INPUT FOR THIS TASK
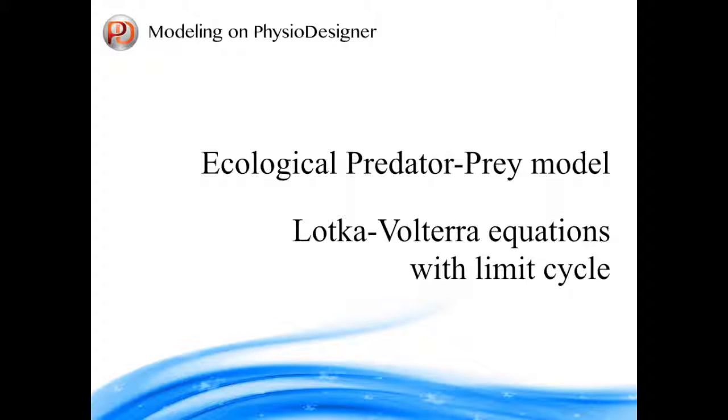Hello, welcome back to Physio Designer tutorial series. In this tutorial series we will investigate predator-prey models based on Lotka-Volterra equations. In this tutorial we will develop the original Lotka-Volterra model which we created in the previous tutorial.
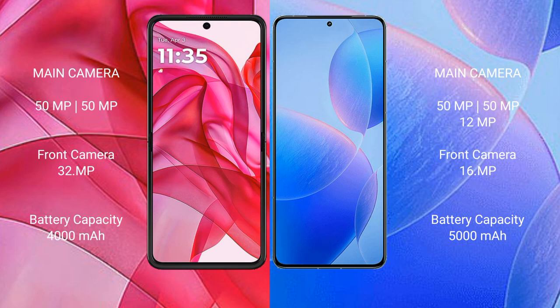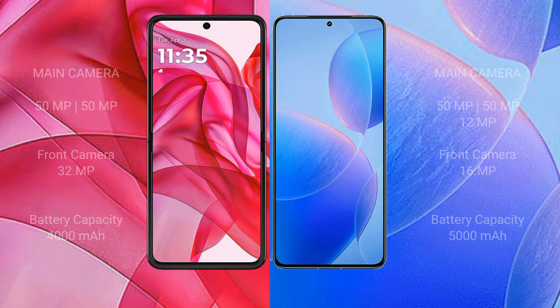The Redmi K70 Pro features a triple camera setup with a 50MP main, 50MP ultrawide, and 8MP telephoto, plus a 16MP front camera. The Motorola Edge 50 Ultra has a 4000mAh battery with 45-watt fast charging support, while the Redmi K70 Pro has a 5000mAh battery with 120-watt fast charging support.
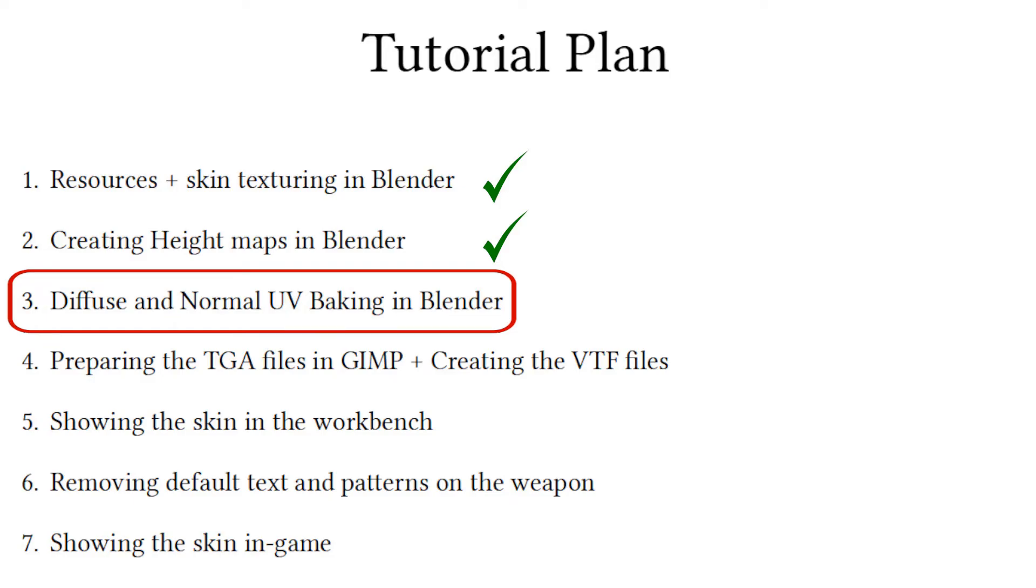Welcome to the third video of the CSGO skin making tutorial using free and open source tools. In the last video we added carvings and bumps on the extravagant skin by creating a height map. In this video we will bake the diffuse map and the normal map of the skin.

* * *

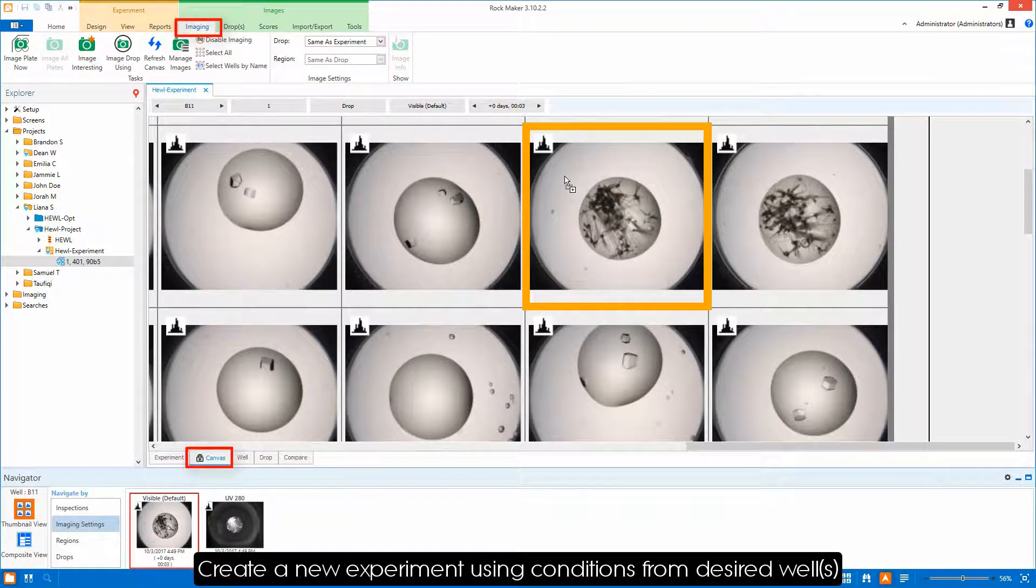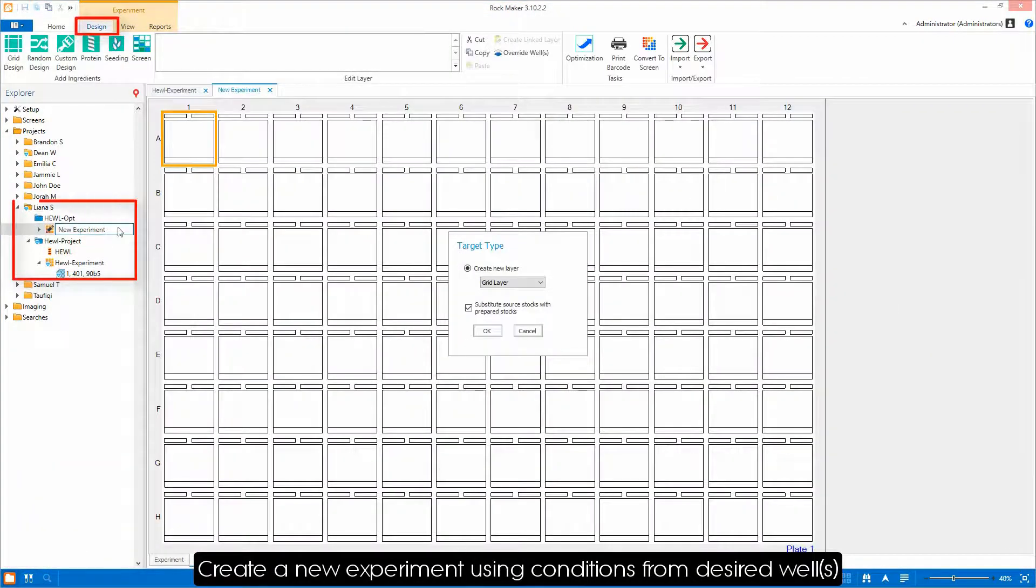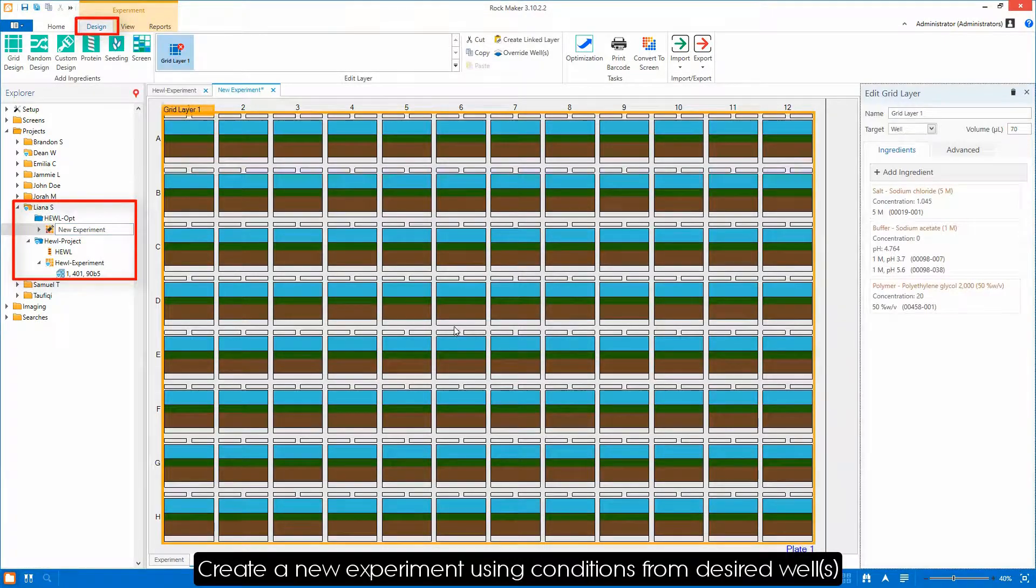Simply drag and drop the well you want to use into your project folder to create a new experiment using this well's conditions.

WHAT TO WORK ON
The lines to copy exactly start with the line above that has "Hello, welcome back" and go on through the line that has "Welcome to the"; please include both, add nothing else, and omit the pictures.

REPLY TO THE TASK
Hello, welcome back to Physio Designer tutorial series. In this tutorial series we will investigate predator-prey models based on Lotka-Volterra equations. In this tutorial we will develop the original Lotka-Volterra model which we created in the previous tutorial.
The Redmi K70 Pro features a triple camera setup with a 50MP main, 50MP ultrawide, and 8MP telephoto, plus a 16MP front camera. The Motorola Edge 50 Ultra has a 4000mAh battery with 45-watt fast charging support, while the Redmi K70 Pro has a 5000mAh battery with 120-watt fast charging support.
Welcome to the third video of the CSGO skin making tutorial using free and open source tools. In the last video we added carvings and bumps on the extravagant skin by creating a height map. In this video we will bake the diffuse map and the normal map of the skin.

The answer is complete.